§ What is expected: Working from the top of the records below, reproduce each line exactly, ending once you have written the line containing "507R8-7IN R8 DUCT".

§ Records provided:
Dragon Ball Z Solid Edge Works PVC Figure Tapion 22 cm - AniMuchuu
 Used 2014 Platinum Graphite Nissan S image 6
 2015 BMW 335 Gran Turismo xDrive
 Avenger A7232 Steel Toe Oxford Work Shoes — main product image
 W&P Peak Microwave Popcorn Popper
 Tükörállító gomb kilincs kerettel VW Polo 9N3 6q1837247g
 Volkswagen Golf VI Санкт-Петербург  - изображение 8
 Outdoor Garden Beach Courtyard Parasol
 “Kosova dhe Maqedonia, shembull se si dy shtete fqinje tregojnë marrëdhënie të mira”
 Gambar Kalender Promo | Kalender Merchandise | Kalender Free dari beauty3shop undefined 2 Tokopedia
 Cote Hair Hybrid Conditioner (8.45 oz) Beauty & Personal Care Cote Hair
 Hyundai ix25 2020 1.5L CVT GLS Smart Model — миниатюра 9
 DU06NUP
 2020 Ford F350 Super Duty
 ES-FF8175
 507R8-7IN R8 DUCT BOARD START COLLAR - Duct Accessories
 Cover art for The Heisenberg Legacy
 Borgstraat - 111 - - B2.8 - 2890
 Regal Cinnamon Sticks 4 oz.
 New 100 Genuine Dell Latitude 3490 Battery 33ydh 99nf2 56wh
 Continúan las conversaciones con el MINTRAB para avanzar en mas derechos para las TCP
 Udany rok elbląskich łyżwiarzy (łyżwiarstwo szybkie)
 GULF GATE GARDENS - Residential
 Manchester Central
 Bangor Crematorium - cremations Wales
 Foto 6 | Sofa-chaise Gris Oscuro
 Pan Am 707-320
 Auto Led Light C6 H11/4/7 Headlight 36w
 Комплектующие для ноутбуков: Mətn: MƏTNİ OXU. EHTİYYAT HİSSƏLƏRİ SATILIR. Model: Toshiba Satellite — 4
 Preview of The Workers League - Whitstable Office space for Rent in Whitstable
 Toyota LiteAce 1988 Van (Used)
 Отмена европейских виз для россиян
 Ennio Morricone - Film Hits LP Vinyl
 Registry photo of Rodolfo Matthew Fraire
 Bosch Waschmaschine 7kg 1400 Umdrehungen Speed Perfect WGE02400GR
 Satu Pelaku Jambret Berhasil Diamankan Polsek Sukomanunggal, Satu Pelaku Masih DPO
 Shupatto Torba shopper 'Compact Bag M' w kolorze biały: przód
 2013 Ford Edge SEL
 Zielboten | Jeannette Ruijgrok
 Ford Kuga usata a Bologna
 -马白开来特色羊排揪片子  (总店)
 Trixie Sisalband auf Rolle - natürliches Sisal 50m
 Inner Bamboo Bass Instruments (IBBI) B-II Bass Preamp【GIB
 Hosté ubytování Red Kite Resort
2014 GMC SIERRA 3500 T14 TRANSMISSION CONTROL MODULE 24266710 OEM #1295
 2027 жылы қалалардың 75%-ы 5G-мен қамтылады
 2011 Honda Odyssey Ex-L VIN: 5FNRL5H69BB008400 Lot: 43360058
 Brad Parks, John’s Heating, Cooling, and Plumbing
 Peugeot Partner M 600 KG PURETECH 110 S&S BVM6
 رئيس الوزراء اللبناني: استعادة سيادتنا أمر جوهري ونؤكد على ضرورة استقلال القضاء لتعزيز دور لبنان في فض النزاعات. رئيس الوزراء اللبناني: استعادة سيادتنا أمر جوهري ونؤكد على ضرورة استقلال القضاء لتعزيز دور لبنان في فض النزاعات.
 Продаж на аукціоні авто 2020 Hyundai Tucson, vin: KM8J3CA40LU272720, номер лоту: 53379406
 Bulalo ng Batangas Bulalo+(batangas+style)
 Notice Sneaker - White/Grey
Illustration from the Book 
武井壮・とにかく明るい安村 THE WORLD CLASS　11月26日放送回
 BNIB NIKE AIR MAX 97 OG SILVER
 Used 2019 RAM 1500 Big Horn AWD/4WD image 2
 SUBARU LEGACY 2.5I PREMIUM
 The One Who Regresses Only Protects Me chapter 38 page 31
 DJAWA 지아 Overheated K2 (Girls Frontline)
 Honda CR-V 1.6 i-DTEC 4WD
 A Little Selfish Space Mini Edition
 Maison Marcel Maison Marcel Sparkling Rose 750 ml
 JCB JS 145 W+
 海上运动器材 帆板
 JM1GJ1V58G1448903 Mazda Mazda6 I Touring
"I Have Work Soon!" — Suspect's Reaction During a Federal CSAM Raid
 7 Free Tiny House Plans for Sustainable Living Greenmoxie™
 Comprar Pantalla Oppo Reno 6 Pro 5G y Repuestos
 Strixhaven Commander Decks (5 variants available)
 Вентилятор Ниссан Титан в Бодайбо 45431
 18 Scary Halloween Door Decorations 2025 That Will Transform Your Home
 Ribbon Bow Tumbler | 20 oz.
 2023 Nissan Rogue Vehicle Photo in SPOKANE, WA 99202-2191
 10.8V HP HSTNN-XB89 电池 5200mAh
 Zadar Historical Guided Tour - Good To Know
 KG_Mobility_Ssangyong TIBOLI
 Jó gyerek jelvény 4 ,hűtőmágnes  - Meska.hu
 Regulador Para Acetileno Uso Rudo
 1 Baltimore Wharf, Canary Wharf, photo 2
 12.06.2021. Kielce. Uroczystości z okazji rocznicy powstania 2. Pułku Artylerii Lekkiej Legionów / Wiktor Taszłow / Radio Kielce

§ Exercise output:
Dragon Ball Z Solid Edge Works PVC Figure Tapion 22 cm - AniMuchuu
 Used 2014 Platinum Graphite Nissan S image 6
 2015 BMW 335 Gran Turismo xDrive
 Avenger A7232 Steel Toe Oxford Work Shoes — main product image
 W&P Peak Microwave Popcorn Popper
 Tükörállító gomb kilincs kerettel VW Polo 9N3 6q1837247g
 Volkswagen Golf VI Санкт-Петербург  - изображение 8
 Outdoor Garden Beach Courtyard Parasol
 “Kosova dhe Maqedonia, shembull se si dy shtete fqinje tregojnë marrëdhënie të mira”
 Gambar Kalender Promo | Kalender Merchandise | Kalender Free dari beauty3shop undefined 2 Tokopedia
 Cote Hair Hybrid Conditioner (8.45 oz) Beauty & Personal Care Cote Hair
 Hyundai ix25 2020 1.5L CVT GLS Smart Model — миниатюра 9
 DU06NUP
 2020 Ford F350 Super Duty
 ES-FF8175
 507R8-7IN R8 DUCT BOARD START COLLAR - Duct Accessories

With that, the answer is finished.